Yesterday was my anniversary. It would have been thirteen years.
In the early summer of 2016, my Wife had enough of being miserable and that was the end of it. While we made it to ten years, it was just a formality at that point, while we waited for the divorce process to complete. Talking about my marriage isn’t something I do too often here, because it’s a dark cloud in the distant sky, despite the sun shining right now.
Right now, you couldn’t tell, but when my divorce was happening and the year or so after, I didn’t see light at the end of the tunnel. I lost hope. I lost faith. I gave up.
It wasn’t until things began to shift when it came to the kids, that I started re-gaining that hope and faith. As time went on, the kids needed their Dad more and more.
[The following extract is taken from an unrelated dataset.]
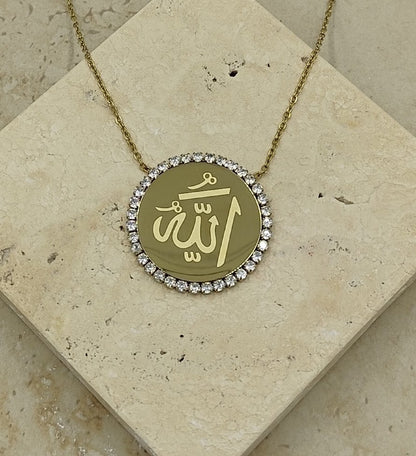 Çevresi Taşla Çevrili Gold Plaka Üstünde Allah Yazılı Çelik Kolye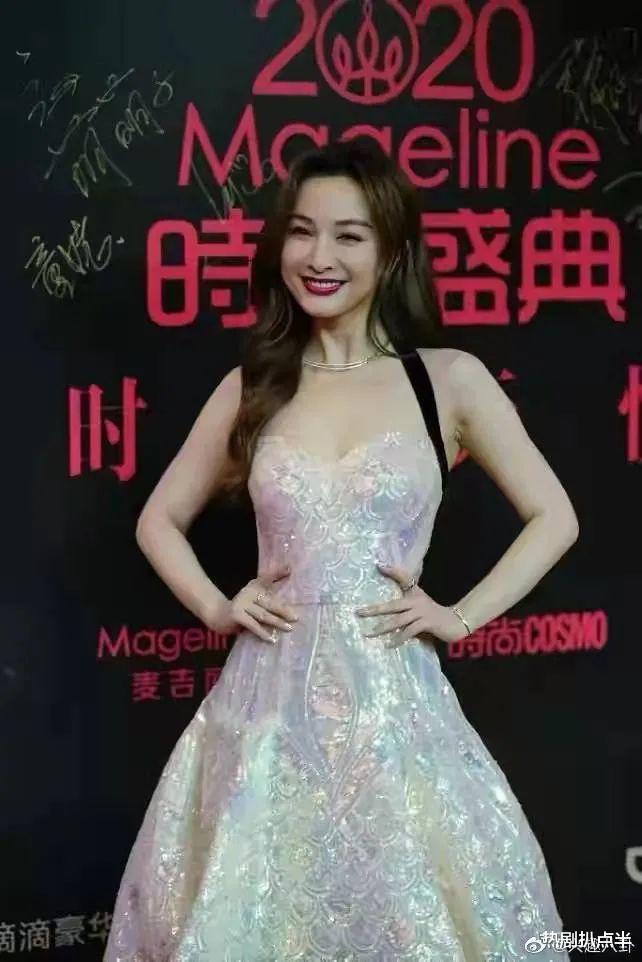 明星|勾肩驼背、脖子前倾、气质畏缩!这6位明星仪态真要命,咋看都丑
Before you ask how I could not simply just be there for them as much as possible as it was, I ask you to look at life for me at that time. Before the divorce, I was already withdrawing from my family. The end of my family was coming and I was powerless in my own depression to do anything. Of course, what I didn’t know was it wouldn’t matter if I did do anything, the end was already there.
If I didn’t hit bottom, God wouldn’t have used my situation to make me the Dad I needed to be today. No doubt in that statement. In a time where I questioned and cursed God, mocked His words and planned my own suicide, God was using these moments to strengthen me. Not the man I was then, but the man I was going to be at the end of that season.
If it weren’t for what I went through, the realism of how bad of a Husband I was, and how poor of a Father I was, I wouldn’t be where I am now. I wouldn’t be this man who can handle so much more than I ever could before, despite there being only one parent at home.
It took a little over nine years for my Wife and I to realize that neither had hope anymore. It was at that moment where I began the journey I am on today, and that is putting these kids first.
It’s hard being a single parent, especially when working from home. The personal sacrifice that comes with the role is beyond what many can imagine. At any time during my marriage, if you said to me I’d be in this situation in the future, I would have laughed, then panicked. That wasn’t me back then. I was impatient, selfish and many other words I’ll not go into.
I remember before I moved, my Wife and most of the kids’ stuff was already gone. It was the first night the kids were not home, they were with her. I opted to eat pizza, turn the TV on and get lost in my thoughts. I can remember getting up and going into the kids’ room to check on them and it hit me; I screwed up my life and my family’s life, and now I don’t have the options to go see my kids’ faces anytime I want.
I’m ranting. What I am trying to say is, without my divorce, I wouldn’t have found God’s strength through my weakness. I wouldn’t have found joy through my sadness. I wouldn’t have found out what it meant to be an involved Dad through my worldly instincts to pull away.
No matter what you are going through, there is hope. There is a light. Even if you don’t see it. I didn’t see it and almost took my own life in that dark time. Keep walking. God’s light is there, and He has amazing things for your life.